▸ **WORK TO BE COMPLETED**
Each entry should be restated word for word, with all pictures left out.

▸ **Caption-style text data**
<<<<
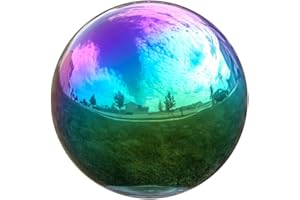 Lily's Home Gazing Globe Mirror Ball in Rainbow Stainless Steel. (8 Inch)
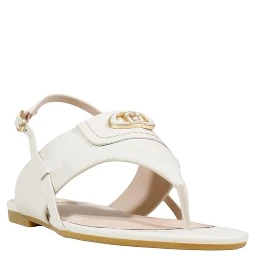 White Leather Flat Sandals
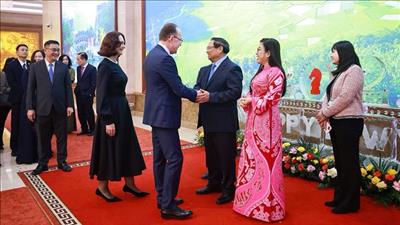 Thủ tướng Phạm Minh Chính chủ trì chiêu đãi Đoàn ngoại giao tại Việt Nam
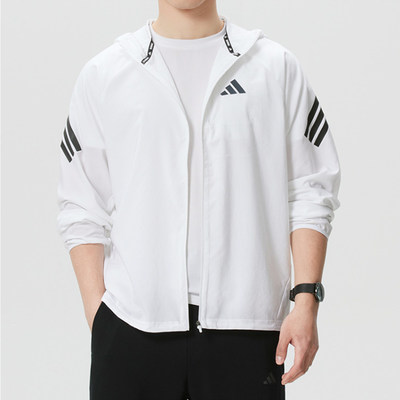 阿迪达斯男子运动连帽防风衣外套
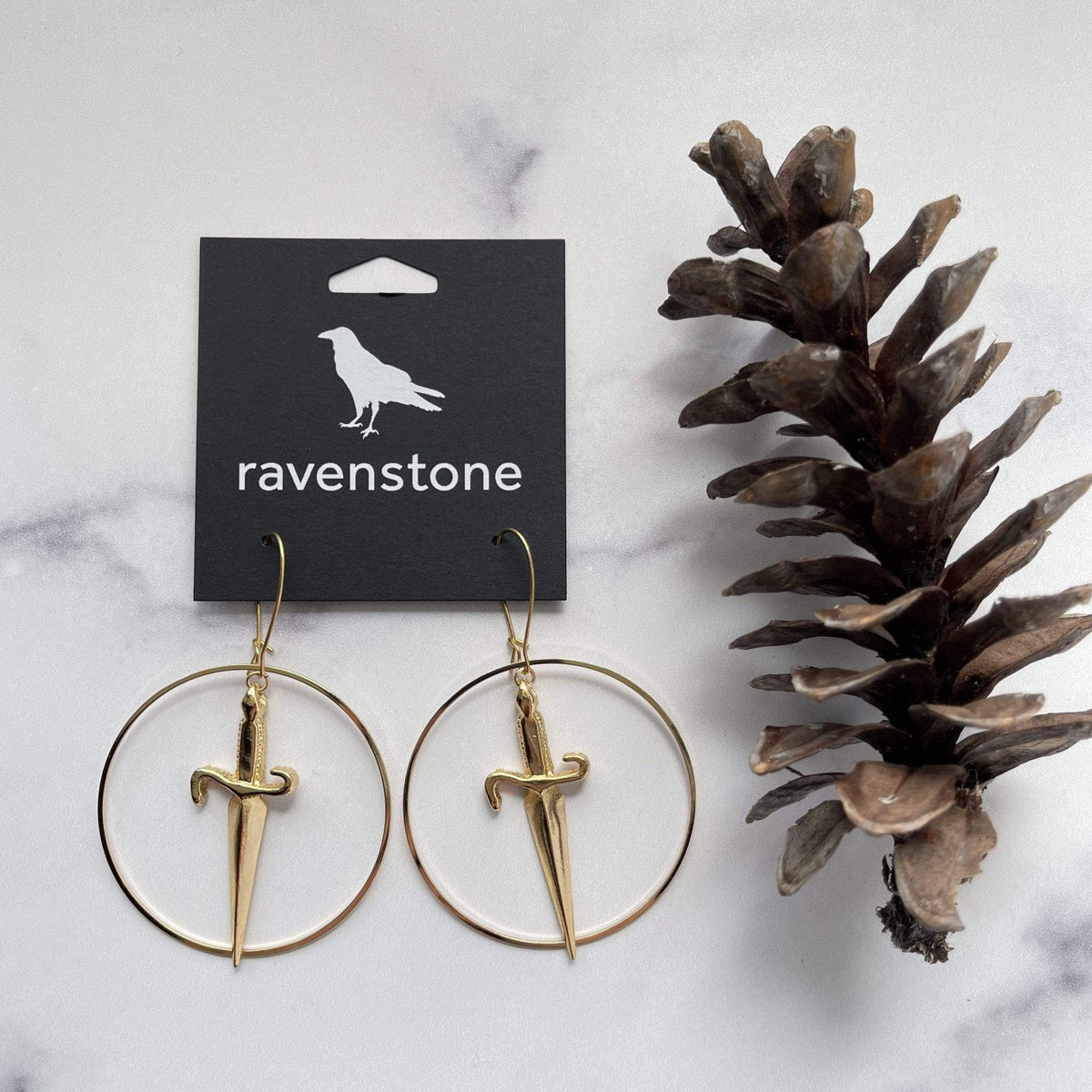 Ravenstone The Golden Dagger Hoop Earrings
>>>>
▸ **YOUR SOLUTION**
 Lily's Home Gazing Globe Mirror Ball in Rainbow Stainless Steel. (8 Inch)
 White Leather Flat Sandals
 Thủ tướng Phạm Minh Chính chủ trì chiêu đãi Đoàn ngoại giao tại Việt Nam
 阿迪达斯男子运动连帽防风衣外套
 Ravenstone The Golden Dagger Hoop Earrings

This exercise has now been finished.